Warning flags in job descriptions
Sometimes it is enough to read the job description carefully. Some of the phrases are actually code words “this job will suck your soul out,” or at least the wording might give you a clue to the company’s expectations.
Must have a good sense of humor: Most activities don’t require you to have comedic skills or appreciate comedy, so this should be a red flag. While many interviewers value and look for a sense of humor in candidates, if this requirement is on the job listings, it could be a sign that the corporate culture is leaning towards inappropriate or more tax expectations. Divine Caroline writes:
This may sound strange, but we have noticed that it appears more and more in job descriptions. While you may believe the company is looking for a candidate who is a big fan of South Park , that could mean trouble. This phrase may indicate that the corporate culture tends to be a little irrelevant, so they are looking for people who can handle it. It can also mean that you find yourself in a completely stressful, chaotic environment, and they are looking for someone who will not fall apart over it.
In the name of humor, there are many things at work that can be off-putting , and if the job requires a sense of humor, it could be because the company expects you to be tolerant of unusual, if not awful, environments.
Rapidly Changing Environment: Certain jobs are naturally associated with a rapidly changing environment, such as day traders on Wall Street or emergency surgeons, so describing a “rapidly changing environment” is appropriate in these scenarios. But if your activity usually doesn’t lend itself to such a rush, or if you think you need to walk slowly to get there faster , then be careful. The job listing’s emphasis on fast production and employment is a warning that you probably won’t achieve a great work-life balance by working in this position. “Must be extremely hardworking” or “must be able to handle extremely high stress,” two related red flags of very demanding companies, says Monster . (Of course, if you are thriving in a fast-paced sadistic environment, this may be a key phrase for you when looking for a job.)
“Flexibility on other tasks”: Yes, expect to take on other work tasks outside of your core role. Maybe it’s a small company and everyone needs to answer calls or follow social media feeds. However, without defining “other tasks”, you can take out the trash or do something completely unrelated to that job.
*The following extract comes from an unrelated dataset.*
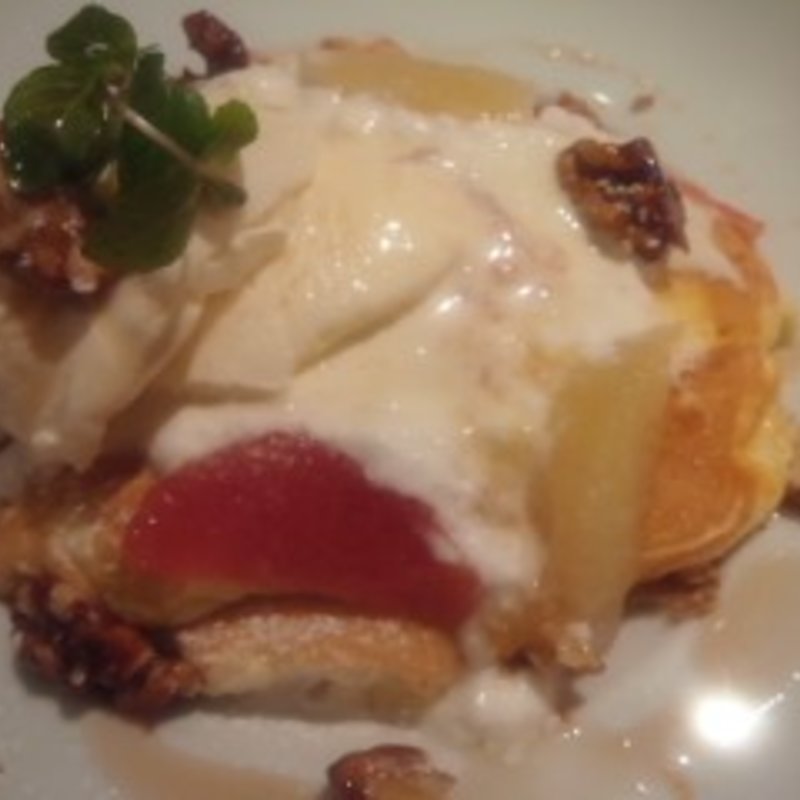 シトラスとグレープフルーツのパンケーキ(LATTE GRAPHIC 町田店)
If you see this in your job description, be sure to ask the interviewer what other responsibilities, in particular, you might be offered.
Jobs are listed without a company name: in particular, on Craigslist and similar sites, you may not know which company listed the job, or it may say “Company is confidential”. Is this a real job or not? Without a company name, job seekers cannot investigate the company or find out if it is a scam . It’s best to know who you are really applying for, and if the job is legitimate, you should expect the company name to be on the job list.
“Ideal for students or parents staying at home”: On the one hand, work aimed at students, home-stayed parents and retirees is usually flexible part-time work. On the other hand, adding that benefit or job feature to the list also suggests that pay will be as low as possible and experience is minimal. Many flexible part-time jobs pay well, not necessarily targeting students or housewives. When these phrases are on the job listings, you are also likely to be competing with other job seekers who will receive much lower wages in exchange for an opportunity.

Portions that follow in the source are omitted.